__Work to complete__
Below are records to be repeated in full. Give them exactly.

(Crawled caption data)
::::::::

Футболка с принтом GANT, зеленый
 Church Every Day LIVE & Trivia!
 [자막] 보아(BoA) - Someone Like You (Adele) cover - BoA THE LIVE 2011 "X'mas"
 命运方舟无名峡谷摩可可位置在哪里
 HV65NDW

::::::::

__Answer area__
Футболка с принтом GANT, зеленый
 Church Every Day LIVE & Trivia!
 [자막] 보아(BoA) - Someone Like You (Adele) cover - BoA THE LIVE 2011 "X'mas"
 命运方舟无名峡谷摩可可位置在哪里
 HV65NDW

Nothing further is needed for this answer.